**HOW TO COMPLETE THIS TASK:**
Restate all the data word for word and omit the pictures.

**DATA EXCERPT:**

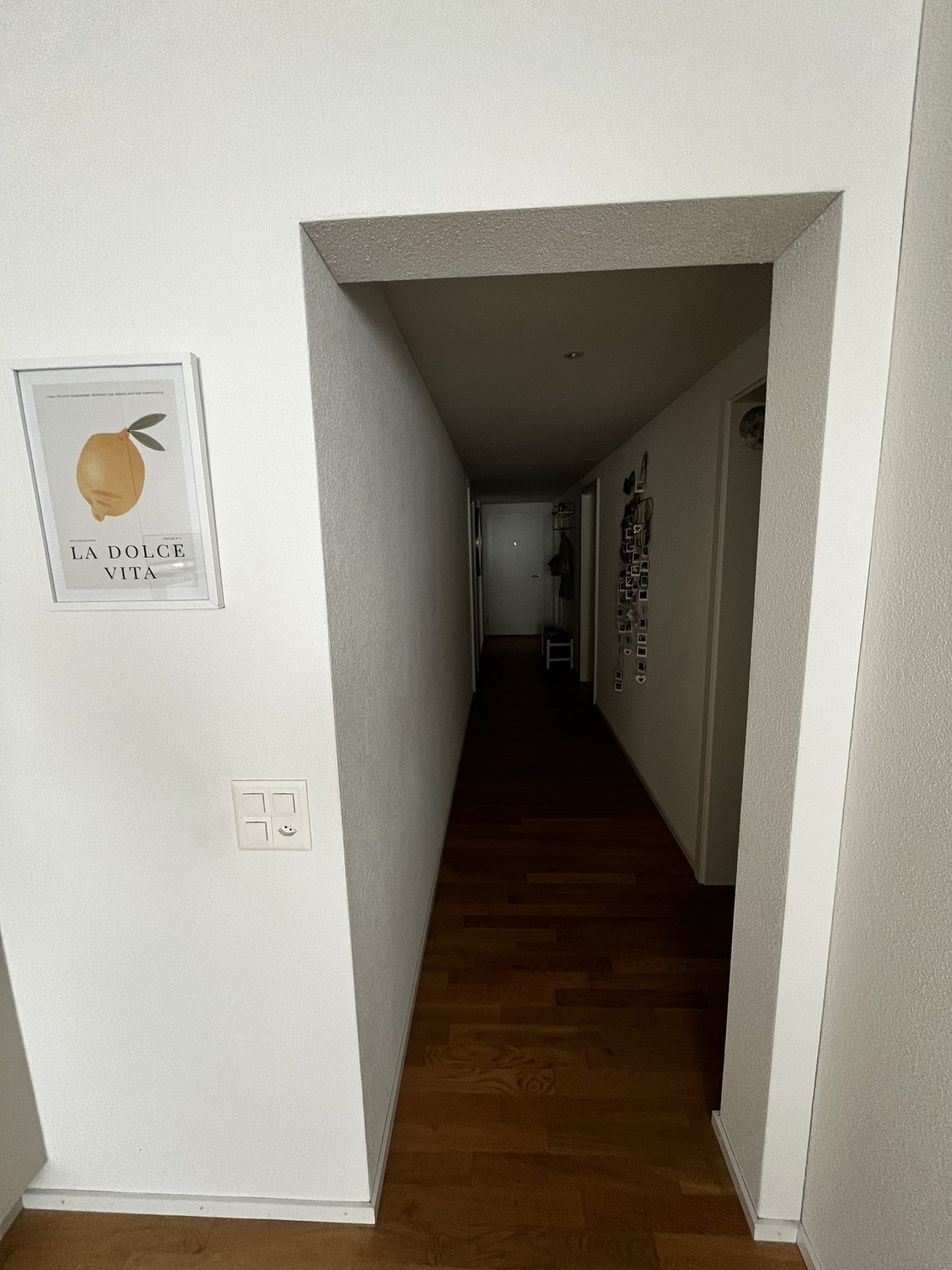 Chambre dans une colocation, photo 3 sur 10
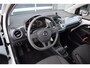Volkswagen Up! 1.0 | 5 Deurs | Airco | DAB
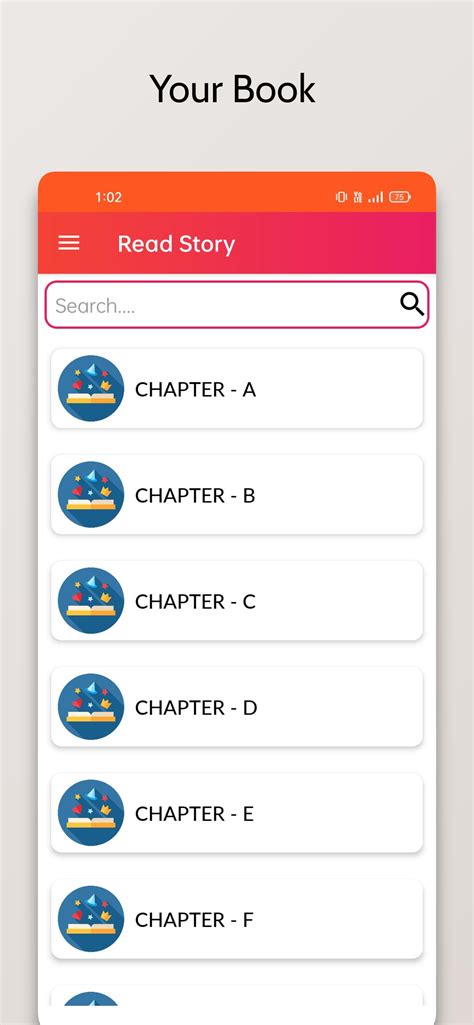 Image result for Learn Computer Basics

**TASK SOLUTION:**
 Chambre dans une colocation, photo 3 sur 10
Volkswagen Up! 1.0 | 5 Deurs | Airco | DAB
 Image result for Learn Computer Basics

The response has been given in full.